Levitin contends that these predatory practices are compounded by a lack of regulatory protections in the small-business lending market. He explains that, in contrast to the “extensive federal and state regimes” regulating consumer credit, only “scant protections” exist for small-business borrowers. State laws that regulate consumer credit terms do not typically apply to business lending. The Small Business Administration (SBA) does impose interest rate caps and other requirements for the loans that it guarantees, but many small-business loans do not fall within the SBA’s scope. This means that, in general, small businesses “have neither the protection of competition nor of regulation,” Levitin argues.
Levitin describes what he sees as a common belief that small-business borrowers need fewer regulatory protections because they are more financially sophisticated than ordinary consumers. He contends that this assumption is often untrue because “most small businesses are merely incorporated versions of their owner-operator,” meaning that they are no more financially sophisticated than a consumer would be.
Changes in the small-business lending market have also rendered the SBA’s regulatory protections for small-business borrowers less effective, according to Levitin. He explains that small-business lending has historically been dominated by small community banks that are subject to SBA requirements and need to maintain positive local reputations, which helped prevent abusive practices without the need for extensive regulation. In the last 20 years, however, the small-business lending landscape has changed significantly with the emergence of online, non-bank “fintech” small-business lenders, which are not subject to SBA regulations and do not have the same reputational constraints as community banks.
This trend underscores the need for “a comprehensive federal small-business financing regulatory regime,” Levitin argues. His proposed regulatory framework would require standardized disclosures about the cost of financing, modeled after the Truth in Lending Act’s disclosure requirements for consumer credit agreements. Levitin also suggests treating certain small-business financing as consumer credit under state law, which would allow state usury laws, which impose limits on the price of credit, to apply to owner-operator businesses’ loans.

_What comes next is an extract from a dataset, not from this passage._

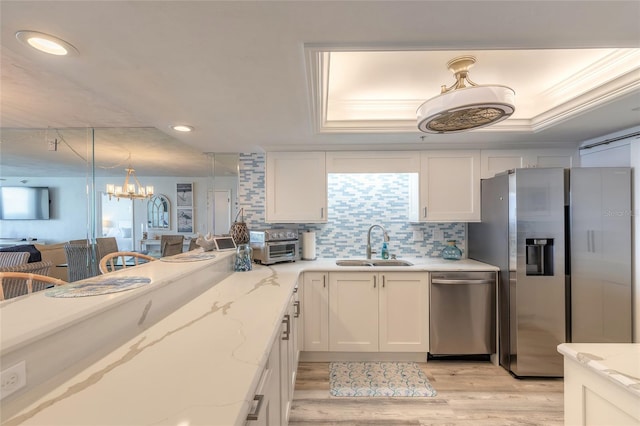 kitchen with light stone counters, sink, decorative light fixtures, and appliances with stainless steel finishes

In addition, Levitin advocates the adoption of licensing requirements for small-business lenders and prohibitions against predatory contract terms that mandate electronic payment arrangements or allow lenders to prematurely freeze borrowers’ accounts.
Although Levitin acknowledges that these reforms would “add some level of compliance costs” that could be passed to borrowers through higher prices or lower credit availability, he contends that small-business financing is similar enough to consumer financing that it “should be regulated in a substantially similar fashion.” He urges regulatory action to address the abusive practices evident in small-business lending and empower more small businesses to obtain the “fair, transparent credit” that they need to succeed.